RECORD EXTRACTS START

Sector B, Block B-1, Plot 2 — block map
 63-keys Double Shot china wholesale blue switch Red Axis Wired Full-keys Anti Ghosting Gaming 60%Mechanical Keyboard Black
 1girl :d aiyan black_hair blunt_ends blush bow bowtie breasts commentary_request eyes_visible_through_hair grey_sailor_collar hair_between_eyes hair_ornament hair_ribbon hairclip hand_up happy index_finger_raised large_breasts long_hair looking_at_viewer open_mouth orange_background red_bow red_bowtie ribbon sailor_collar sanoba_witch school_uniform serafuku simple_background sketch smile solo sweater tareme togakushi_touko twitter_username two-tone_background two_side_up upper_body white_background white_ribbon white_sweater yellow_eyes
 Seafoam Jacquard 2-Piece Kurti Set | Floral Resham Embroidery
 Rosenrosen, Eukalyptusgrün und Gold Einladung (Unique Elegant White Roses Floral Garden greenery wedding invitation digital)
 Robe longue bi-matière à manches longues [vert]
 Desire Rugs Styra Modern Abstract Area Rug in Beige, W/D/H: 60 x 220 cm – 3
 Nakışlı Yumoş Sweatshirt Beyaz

RECORD EXTRACTS END

### [WORK REQUEST]
The answer must be the line containing "Robe longue bi-matière" and every line after it through the end of the records, repeated exactly.

### [RESULT OF THIS EXERCISE]
 Robe longue bi-matière à manches longues [vert]
 Desire Rugs Styra Modern Abstract Area Rug in Beige, W/D/H: 60 x 220 cm – 3
 Nakışlı Yumoş Sweatshirt Beyaz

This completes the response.